Alors que Marine Le Pen, comme son père d’ailleurs, a toujours proclamé son opposition violente à l’Union européenne, à l’Euro, à l‘emprise des marchés, ainsi qu’à la mondialisation industrielle et financière, elle vient - à la surprise d’une partie de son entourage - d'entreprendre une révision de son programme économique vers plus de responsabilité et de pragmatisme.

Ce virage quasiment idéologique concerne trois grands dossiers de son programme.

Le premier de ces dossiers concerne l’euro et l'Europe. A écouter Marine Le Pen, il ne sera plus question pour elle de quitter l‘Europe et l'euro. Il faudra seulement négocier une réforme de fonctionnement de l'UE... Et des critères de stabilité de la monnaie unique. Elle veut, comme la Grande-Bretagne, initier une démarche de réforme et ensuite soumettre le système au référendum.

Le deuxième dossier porte sur la durée du travail, et plus clairement sur les 35 heures. Marine Le Pen, qui avait toujours défendu les 35 heures, commence à reconnaitre qu'il faudra passer aux 39 heures. Elle ne partage pas encore le diagnostic du manque de compétitivité qui piège le système français mais elle s’en rapproche.

Le troisième dossier sur lequel elle a beaucoup assoupli ses positions est celui de la retraite à 60 ans ; cette position était sanctuarisée. Elle admet maintenant qu’il faudra sans doute travailler plus longtemps, elle parle de 63 ans pour tenir compte de l'allongement de la vie.

Il est évident que sur ces trois points, la présidente du FN  brise ce qui était incontournable pour le Front National et qui a été très important dans la conquête des électorats populaires.

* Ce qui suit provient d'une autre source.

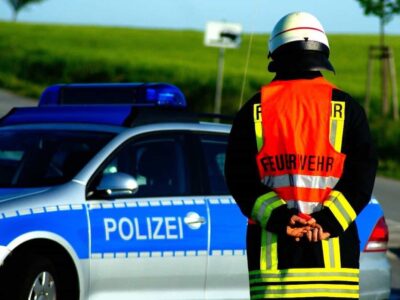 Feuerwehrmann vor einem Polizeiauto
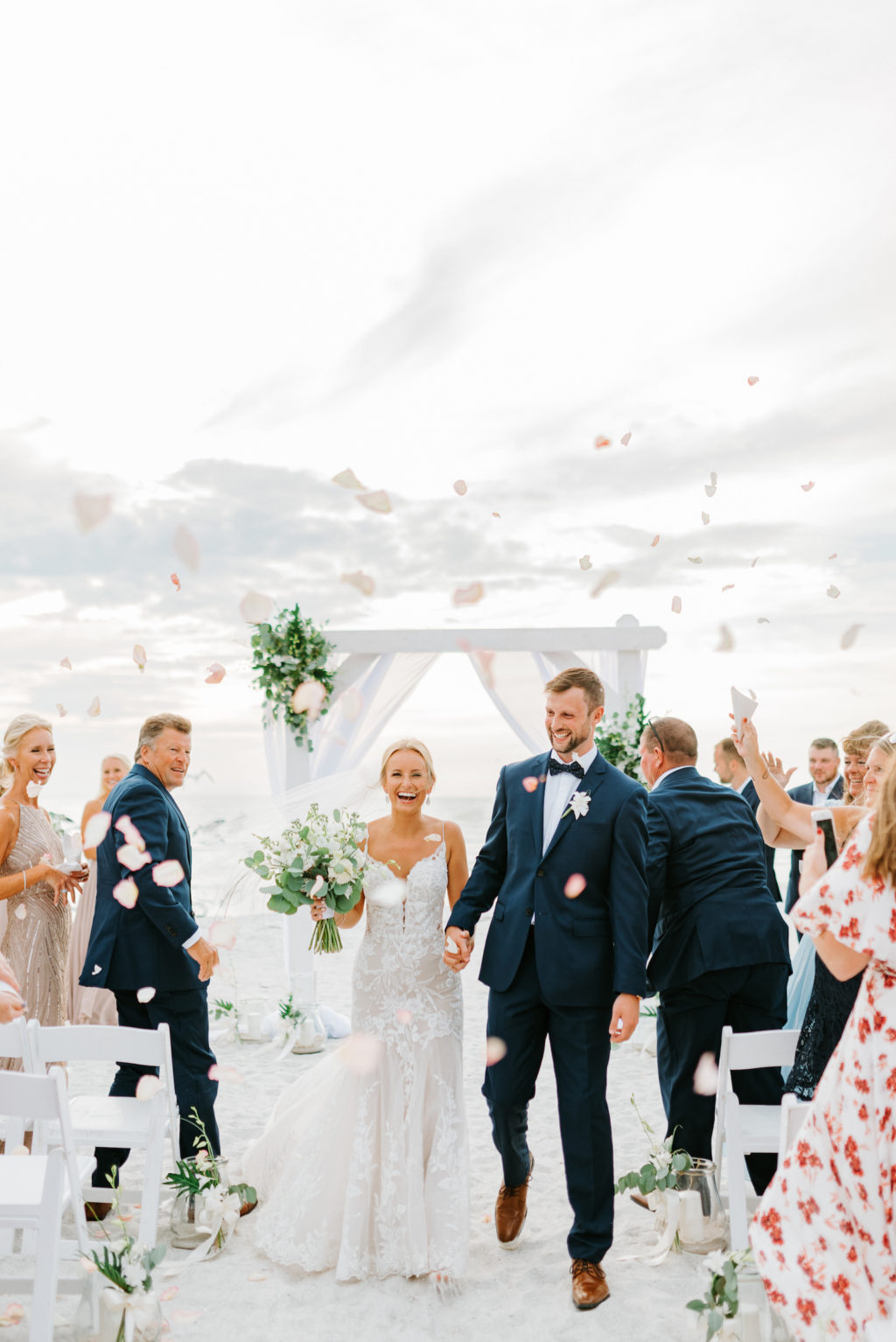 Florida Bride and Groom Exiting Wedding Ceremony on Beach, Guests Throwing Flower Petals | Tampa Wedding Venue The Resort at Longboat Key Club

Il est évident aussi que si elle franchit ces lignes jaunes, c’est parce qu’avec un certain nombre de ses conseillers, elle sait qu'elle ne pourra pas séduire l'électorat de droite, les classes moyennes et cadres dirigeants du privé, qui connaissent les réalités de l'économie, les contraintes.

Marine Le Pen sait que si elle veut gouverner, il lui faut un socle de propositions crédibles et réalisables.

Accessoirement, elle peut aussi avoir besoin de séduire les patrons de grandes entreprises qui pour l'instant hésitaient à s'intéresser au FN. Ces grands patrons sont aussi accessoirement des sponsors, et Marine Le Pen, comme les autres responsables politiques, aura besoin d‘argent. 

Le problème pour elle, c’est qu'un tel virage ne fait pas l'unanimité dans son parti. Certains dirigeants et même des très proches sont violemment opposés à de tels changements qui seront ressentis comme des trahisons. Le risque politique sera de voir des couches populaires prendre de la distance par rapport au FN.

Nul ne sait aujourd'hui quel sera l‘impact d'un changement de positions économiques de la présidente du FN sur les discours des autres partis, ceux de la droite comme de la gauche.

Dans l’immediat ça devrait dire deux choses à la classe politique :

La première, c'est qu'il est urgent de définir des programmes et des projets dans tous les domaines de l'action politique. Programmes cohérents et projets réalisables ; l'électorat veut bien rêver, mais il ne supportera plus qu on lui mente sur la réalité de la situation économique.

La deuxième chose est que le FN est peut-être en train de comprendre que les qualités qu'il faut pour promettre un exercice responsable et sérieux du pouvoir ne sont pas celles qu'il faut mobiliser pour conquérir ce pouvoir.